The dizzying high point of Showtime's new Masters of Horror series, the hour-long Homecoming (which premieres December 2) is easily one of the most important political films of the Bush II era. With its only slightly caricatured right-wingers, the film nails the casual fraudulence and contortionist rhetoric that are the signatures of the Bush-Cheney administration. Its dutiful hero, presidential consultant David Murch (Jon Tenney), reports to a Karl Rove–like guru named Kurt Rand (Robert Picardo) and engages in kinky power fucks with attack-bitch pundit Jane Cleaver (Thea Gill), a blonde, leggy Ann Coulter proxy with a "No Sex for All" tank top and "BSH BABE" license plates. Murch's glib, duplicitous condescension is apparently what triggers the zombie uprising: Confronting an angry mother of a dead soldier on a news talk show, he tells this Cindy Sheehan figure, "If I had one wish . . . I would wish for your son to come back," so he could assure the country of the importance of the war. The boy does return, along with legions of fallen combatants, and they all beg to differ. [...]
Dante and writer Sam Hamm (Batman) adapted Homecoming from Dale Bailey's "Death and Suffrage," a 2002 short story that puts a morbidly literal spin on the idea of the dead being used to pad the Chicago voting roll. (The film also owes something to the low-budget 'Nam-era Dead of Night, in which a "Monkey's Paw" wish brings an undead veteran back to his family home.) Though Bush is never named, Homecoming tailors its provocative scenario to accommodate a devastatingly specific checklist of accusations, from the underreporting of war casualties to last November's dubious Ohio count. As if in defiance of the Pentagon's policy to ban photographs of dead soldiers' coffins, Dante's film shows not just the flag-draped caskets at Dover Air Force Base but their irate occupants bursting out of them. "There's a lot of powerful imagery in this movie that has nothing to do with me," Dante says. "When you see those coffins, which is a sight that's generally been withheld from us, there's a gravity to it. Even though there's comedy in the movie, there's something basically so serious and depressing about the subject that it never gets overwhelmed by satire." [...]
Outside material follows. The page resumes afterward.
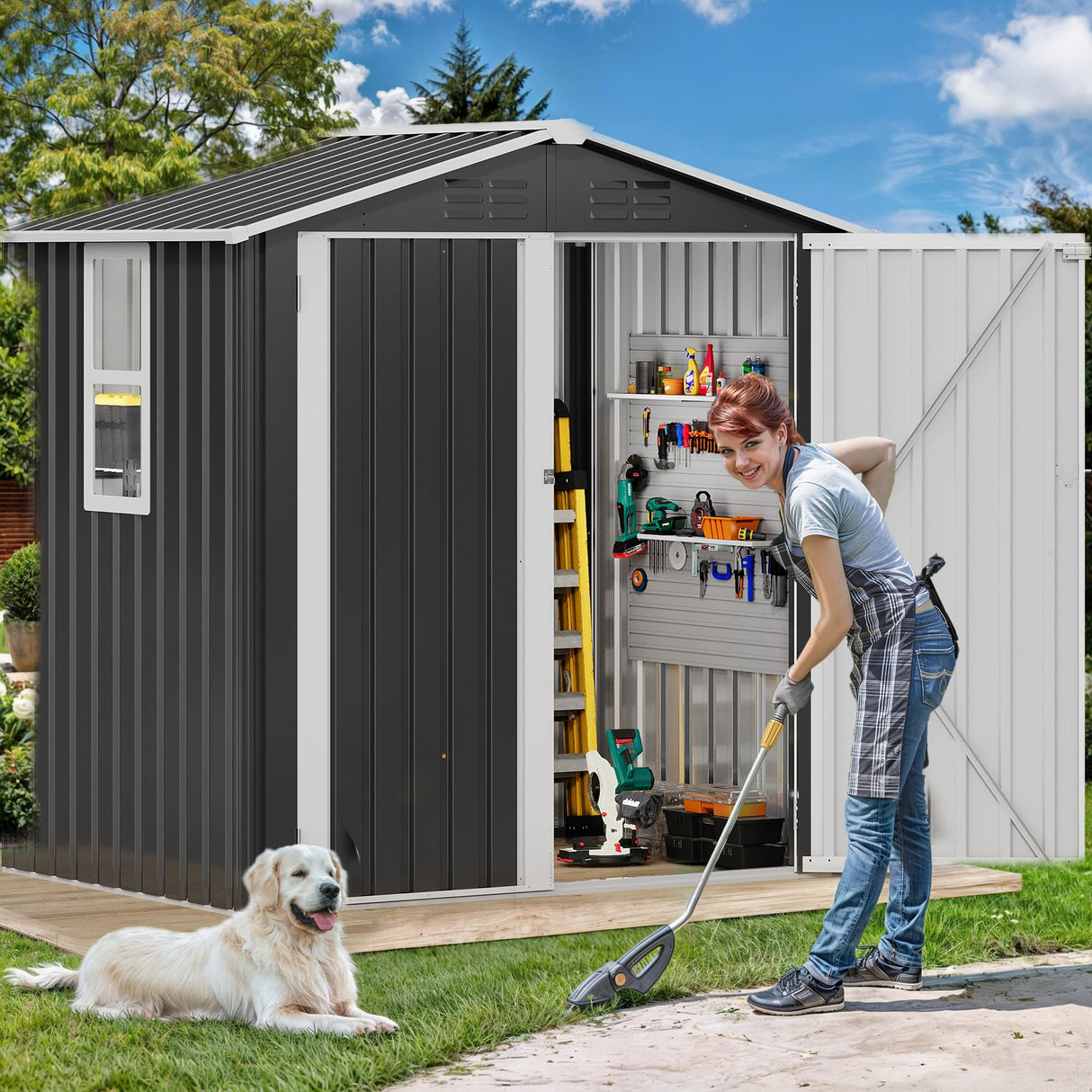 DWVO 6x4ft Outdoor Storage Shed with Window, Metal Lockable Metal Garden Shed with Sloped Roof for Tools, Bikes, Ideal for Backyard, Patio, Garage, Lawn (Gray + White) DWVO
"You don't have to be a rocket scientist to see what a fucking mess we're in," he continues. "It's been happening steadily for the past four years, and nobody said peep. The New York Times and all these people that abetted the lies and crap that went into making and selling this war—now that they see the guy is a little weak, they're kicking him with their toe to make sure he doesn't bite back. It's cowardly. This pitiful zombie movie, this fucking B movie, is the only thing anybody's done about this issue that's killed 2,000 Americans and untold numbers of Iraqis? It's fucking sick." While gratified by the warm reception to Homecoming in Turin, Dante says he's eager for the right-wing punditocracy back home to see it: "I hope this movie bothers a lot of people that disagree with it—and that it makes them really pissed off, as pissed off as the rest of us are."
The actress Dante found to play NotAnnCoulter eerily resembles the real thing.